11. The image decoding method of claim 1, further comprising:
based on at least some samples of the block indicated by the at least one reference vector being not reconstructed, reconstructing the non-reconstructed at least some samples of the block indicated by the at least one reference vector, by using a motion vector of the current block; and
performing filtering on the reconstructed at least some samples.
12. The image decoding method of claim 1, further comprising:
based on at least some samples of the block indicated by the at least one reference vector being not reconstructed, obtaining a sample difference value with respect to the non-reconstructed at least some samples; and
determining values of the non-reconstructed at least some samples by using the obtained sample difference value.
13. The image decoding method of claim 1, further comprising:
based on at least some samples of the block indicated by the at least one reference vector being not reconstructed, correcting a position of the block to reconstruct all of samples of the block; and
reconstructing the current block by using the block of which the position is corrected.
14. An image encoding method comprising:
determining one or more candidate vectors for performing template matching on a current block;
determining at least one reference vector with respect to the current block, from among the one or more candidate vectors; and
reconstructing the current block by using the at least one reference vector.

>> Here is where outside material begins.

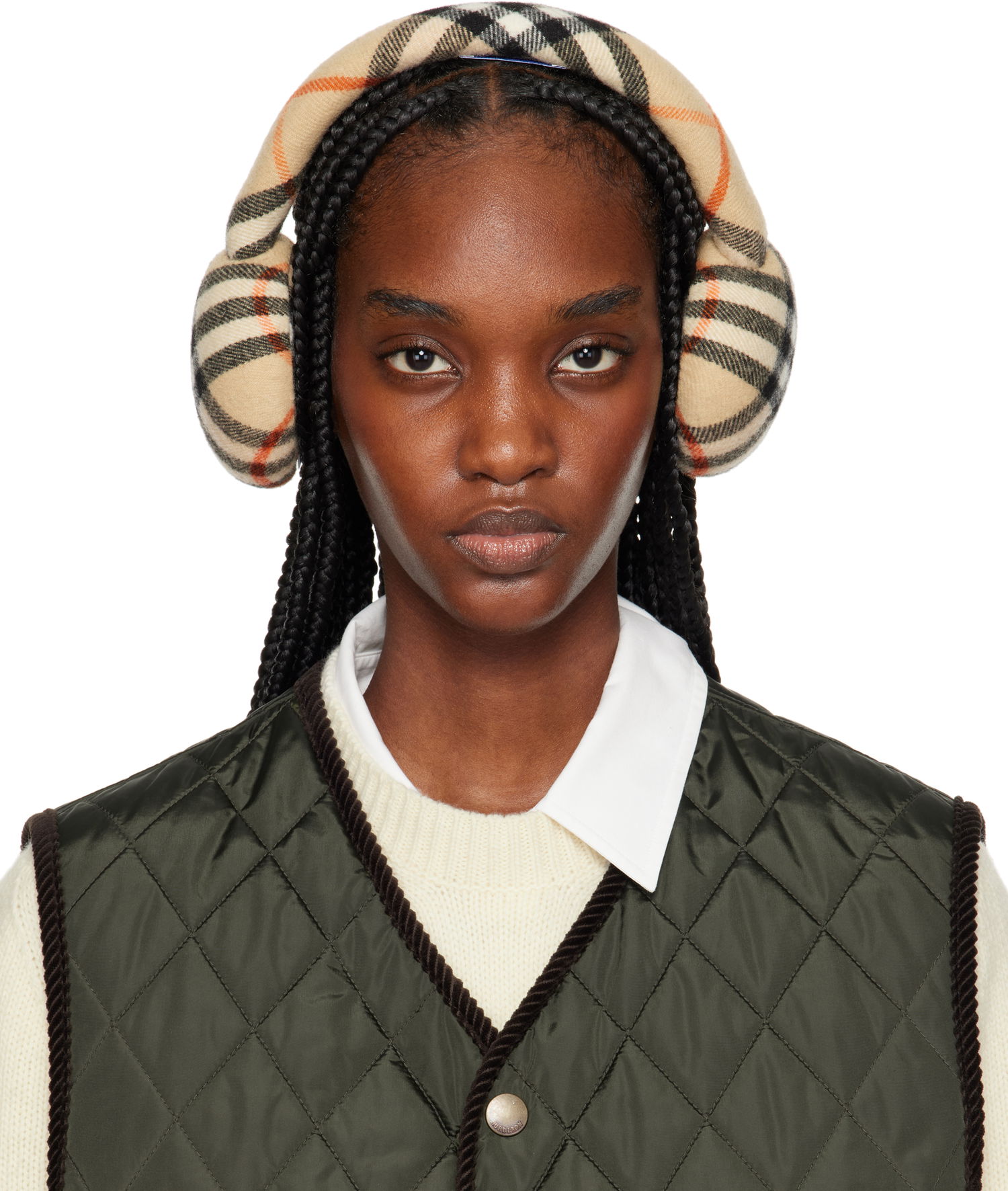 Huivi Burberry Burberry Check Wool Earmuffs Beige | 8105109, 0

15. The image encoding method of claim 14, wherein the determining of the one or more candidate vectors comprises:
determining the one or more candidate vectors to include at least one of a first block vector of a neighboring block of the current block or a first motion vector of the neighboring block of the current block;
determining the one or more candidate vectors to include at least one of a second motion vector of a block indicated by the first block vector of the neighboring block of the current block or a second block vector of a block indicated by the first motion vector of the neighboring block of the current block; and
determining the one or more candidate vectors to include at least one of a third block vector or a third motion vector included in a history-based vector list.
16. The image encoding method of claim 15, wherein the determining of the at least one reference vector comprises:
determining an error between a template of the current block and a template of a block indicated by the one or more candidate vectors; and
determining the at least one reference vector, based on the error.
17. The image encoding method of claim 16, wherein the neighboring block includes at least one of an adjacent block adjacent to the current block or a non-adjacent block that is not adjacent to the current block and is located within a predetermined distance from the current block.
18. The image encoding method of claim 17, wherein the history-based vector list includes at least one of a block vector with respect to a template matching prediction mode or a block vector with respect to an intra block copy mode.
19. The image encoding method of claim 18, wherein the history-based vector list further includes at least one of a history-based block vector list including one or more block vectors or a history-based motion vector list including one or more motion vectors, and
wherein the block vector with respect to the template matching prediction mode and the block vector with respect to the intra block copy mode are stored in at least one of the history-based block vector list or the history-based motion vector list.
20. A non-transitory computer-readable storage medium having stored thereon a bitstream encoded by an image encoding method comprising:
determining one or more candidate vectors for performing template matching on a current block;
determining at least one reference vector with respect to the current block, from among the one or more candidate vectors; and
reconstructing the current block by using the at least one reference vector.